残酷なお願い
「ああ。妹と、イリスと会ったのですね」
アリスさんから告げられていた606号室の扉を叩くと、すぐに彼女が中から出てきた。
イリスさんは階下におりていったため、もし彼女がアリスさんの演技であれば、ここから出てくることは不可能。つまりイリスさんが双子の妹というのは間違いないようだった。
俺の姿を認めると、アリスさんは満面の笑みを浮かべた。太陽の如き神々しさで、一瞬目がくらむ。
やっぱり直視するのは厳しいと感じた俺は、彼女が口を開く前にイリスさんについて切り出した。
アリスさんは数秒前の笑顔が嘘のように無表情になると、小さく息を吐きだした。
「まさか、あの子があなたに声をかけるとは。そんな勇気がまだ残っていたのですね」
「それって、イリスさんの話は本当ってことですか? 彼女が、この家ではいないものとして扱われてるって」
「そうですね。あえて言葉を選ばずに言わせていただきますが、あの子は私より遥かに不出来ですから。うちではいないことになっています」
否定されることを想定した中、想像以上に辛辣な返事を返され戸惑いの声が漏れる。
「なんで、そんな扱いを……」
「言っておきますが、強制したわけではないですよ。彼女が勝手に私にコンプレックスを感じて、何もしなくなった。努力せず、夢も目標もないあの子は、今では生きる屍です。期待をかければその重みに耐えきれず本当に死んでしまいそうなので、いないものとして扱ってるんです」
「……別に、俺も夢とか目標なんてないですけど」
「でも生きるための努力はしてますよね。大金を得るために、リスクを承知でこんな館まで来てるのですから」
「……」
その努力を否定された結果、イリスさんは努力をしなくなったんじゃないか。そう口をついて出そうになるも、寸前で押し止める。

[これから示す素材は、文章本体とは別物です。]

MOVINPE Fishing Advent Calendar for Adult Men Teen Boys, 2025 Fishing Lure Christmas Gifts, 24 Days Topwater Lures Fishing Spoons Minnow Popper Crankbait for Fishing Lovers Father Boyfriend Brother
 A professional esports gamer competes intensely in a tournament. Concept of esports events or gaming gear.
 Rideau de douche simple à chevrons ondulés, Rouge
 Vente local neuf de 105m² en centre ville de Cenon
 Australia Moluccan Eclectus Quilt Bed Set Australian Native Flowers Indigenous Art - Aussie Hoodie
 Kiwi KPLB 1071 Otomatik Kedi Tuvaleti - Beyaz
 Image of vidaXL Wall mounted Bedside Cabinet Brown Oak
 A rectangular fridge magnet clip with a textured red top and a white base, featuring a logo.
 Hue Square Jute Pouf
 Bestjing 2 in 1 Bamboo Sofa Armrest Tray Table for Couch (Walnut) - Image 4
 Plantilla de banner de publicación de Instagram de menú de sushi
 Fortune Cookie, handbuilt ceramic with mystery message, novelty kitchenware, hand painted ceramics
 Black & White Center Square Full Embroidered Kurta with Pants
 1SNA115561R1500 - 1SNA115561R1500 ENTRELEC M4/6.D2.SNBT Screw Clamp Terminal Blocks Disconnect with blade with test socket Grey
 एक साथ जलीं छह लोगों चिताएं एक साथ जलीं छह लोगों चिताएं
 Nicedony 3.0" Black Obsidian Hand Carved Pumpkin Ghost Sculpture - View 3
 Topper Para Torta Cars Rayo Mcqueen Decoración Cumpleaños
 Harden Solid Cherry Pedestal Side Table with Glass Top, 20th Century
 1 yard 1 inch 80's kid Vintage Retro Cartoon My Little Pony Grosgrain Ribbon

俺は彼女たちのことを全く知らない。ここでアリスさんの言葉を否定するのはただの偽善、自己満足でしかない。
イリスさんに会ってからずっとざわついている心を、深呼吸で鎮める。
感情的になりそうな時こそ冷静さが大事。今何をすべきなのかは曖昧なままだが、アリスさんと対立することは、たぶん正解じゃない。
明日死ぬのは、彼女かもしれないのだから。
少しだけ落ち着いた頭で、改めて彼女を見る。目も眩むほどの美少女であることに違いはない。ただ先より、彼女の目が淀んで見えた。
「それで、あなたもイリスを選ぶんですか?」
「……え?」
急な問いかけに驚き、反応が遅れる。
沈黙を肯定と受け取ったのか、アリスさんは小さくため息を吐いた。
「結局、選ばれるのは弱い人なんですよね。能力のある人は、他人に頼ることを許されない。知ってました」
イリスさんと同じような言葉を呟きながら、アリスさんは空笑いを浮かべる。
「だからイリスのことは話さなかったんです。言えば取られるのは知ってましたから。ふふふ、私ってずるい女ですよね」
「そんなことは」
「ないのなら、私と一緒にいてくれませんか」
全てを呑み込むような、魔力に満ちた瞳。
呼吸をすることも忘れ、彼女の目を見返すことしかできない俺を、妖しい声が包み込む。
「イリスには悪いと思ってますよ。彼女と仲良くなろうとした人、守ろうとした人にはことごとく手を出してきましたから。でも、納得できなかったんですもの。努力して努力して、弱みを見せず、皆の期待に応え続けている私が、どうして何もできないと決め付け努力すらしない妹より蔑ろにされるのか。私の感情、間違ってますか? 間違ってますよね。知ってます。でも、そう思う気持ちは止められないんです」
彼女は俺から視線を外し、誰もいない部屋の中に目を向ける。
「斎藤さん。あなたが今私を見て抱いているその感情。それは私が、あなたにそう見せたいと望み、努力した結果です。イリスとは違う。血のにじむような努力の結果なんです。それだけは分かってほしい」
寂寞とした声に、心を揺さぶられる。
まるで役に立たない口は、ここでも気の利いた言葉を発することはなく、沈黙を選ぶ。
やがて、アリスさんは振り返り、
「今すぐあなたを虜にして、一日一緒にいていただくことは簡単です。でも、今回はやめておきます。私かあの子か、どちらが生き残るべきか。斎藤さん、じっくり考えて、決断してくれませんか?
そしてもし、私を選んでくれるなら。またこの部屋を訪ねてください」
そんな身勝手で、残酷なお願いを、完璧な笑顔と共に告げてきた。